Jharkhand objects to third rail track within Palamau Tiger Reserve
The wildlife issues related to a proposal for laying a third railway track through a part of Palamau Tiger Reserve (PTR) is unlikely to be resolved at a meeting scheduled to be held in New Delhi on Wednesday.
The matter is listed for discussion at the meeting of the project monitoring group of the department of promotion of industries and internal trade under the Union ministry of commerce and industry that day.
The railway took up construction of a 291-long third railway line between Patratu and Sonnagar 12km of which is to pass through PTR but the Jharkhand government objected to the construction, apprehending it would disturb the wildlife.
A double-line railway track already exists in that stretch under control of Dhanbad division of South Central Railway but the railway authorities wants to construct a third line as they consider it essential for the operational point of view to facilitate faster transport of coal and also to act as a feeder route.
But Jharkhand objected to the proposal of construction of the additional rail track through PTR and referred the matter to the National Tiger Conservation Authority that in turn formed a committee.
The committee called for data related to elephant and tiger population in the reserve, location of elephant crossing zones/tracks, wildlife accidents etc for preparing a draft wildlife management issues and mitigation measures.
Meanwhile, PTR authorities suggested that the proposed 12-km rail track within the tiger reserve be shifted to a new location, about 2km away, that the railway authorities considered not feasible.

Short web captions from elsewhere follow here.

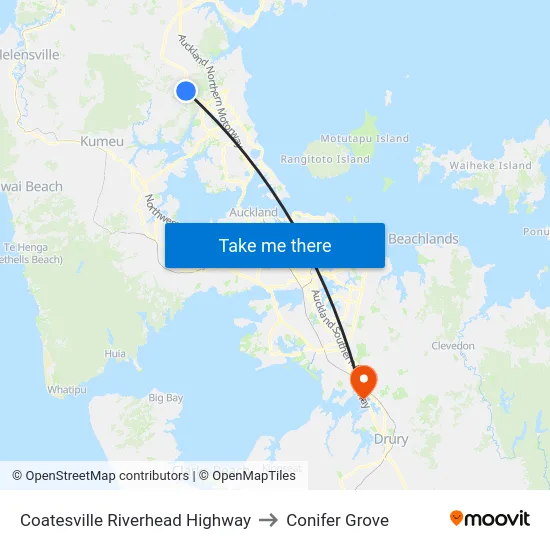 Coatesville Riverhead Highway to Conifer Grove map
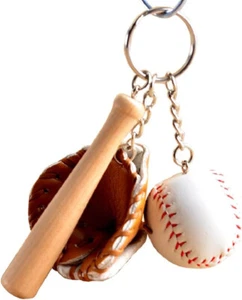 Mini dreiteiliger Baseballhandschuh Holzschläger & Ball Schlüsselanhänger Sport Schlüsselanhänger Schlüssel - Bild 1 von 1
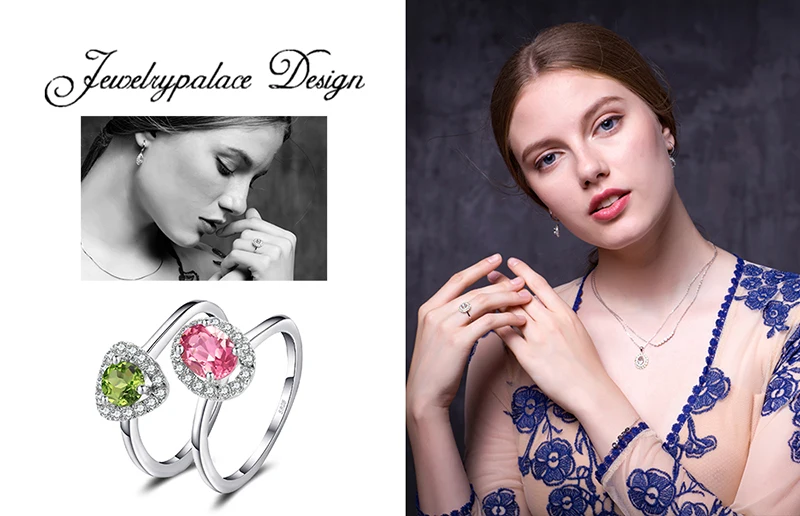 JewelryPalace модное разноцветное кольцо из натурального турмалина 925 пробы Серебряное кольцо для мамы и дочки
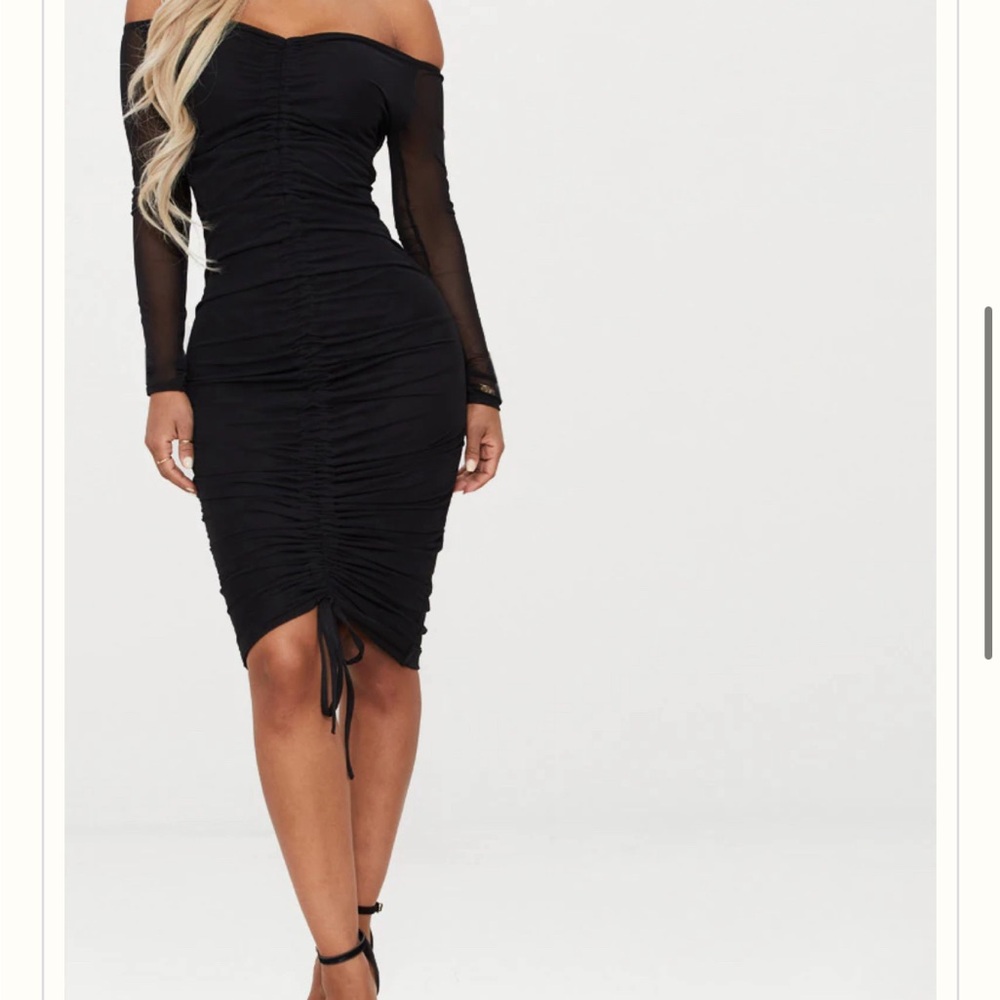 PrettyLittleThing Black Off-Shoulder Ruched Bodycon Dress
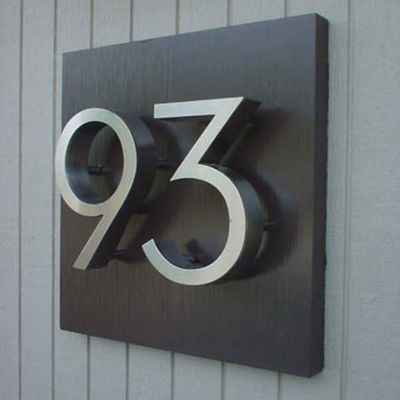 Modern Extra Large 3D Outdoor House Number Plaque Brushed Stainless Steel Finish Metal Door Numbers and Letters Plate Sign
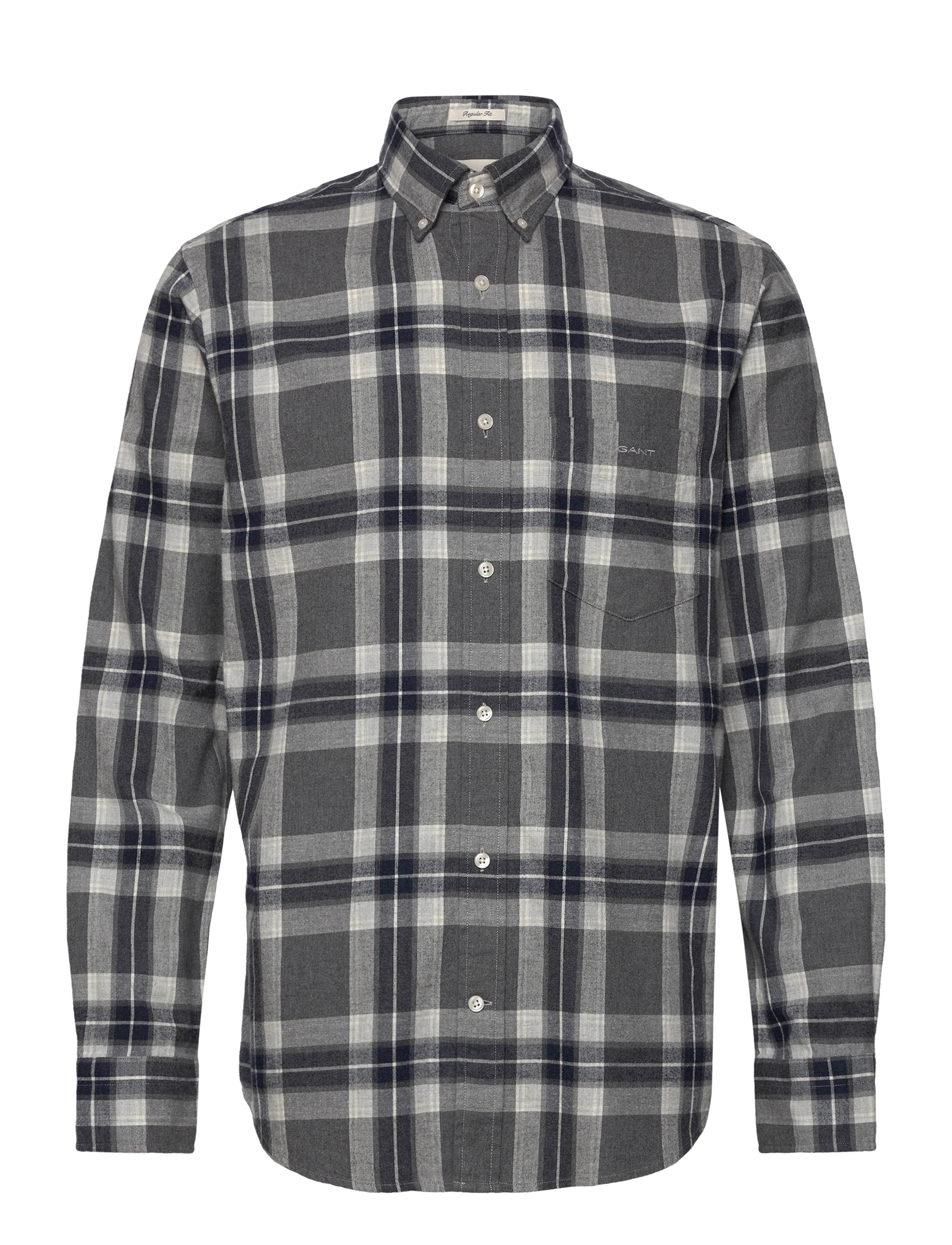 GANT - REG TARTAN MELANGE CHECK SHIRT - dark grey melange - 1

“Shifting the proposed 12-km track between Chhipadohar and Hehegara stations to about 2km away to another location just outside the PTR limits should help them move trains faster,” PTR deputy director Kumar Ashish argued when contacted by The Telegraph.
“It being within a tiger reserve, the trains have to move with a speed of only 25 km per hour along that stretch now that can go up if the track is shifted to a location just 2 km away and will actually help faster movement of trains,” he explained, adding there were many fatal accidents when wildlife wanted to cross the existing rail tracks and came under moving trains.
“I understand they thought the proposal of shifting track was not feasible as it would run alongside a river,” Ashish said when asked about the railway’s reluctance to accept their shifting proposal, adding many longer stretches of the same 291-km line runs beside some river or the other.
Clearances for construction of a rail track within a tiger reserve have to be obtained from both the state and national wildlife boards and also others like a high powered committee, he further informed, indicating the construction proposal was unlikely to be passed in the meeting on Wednesday.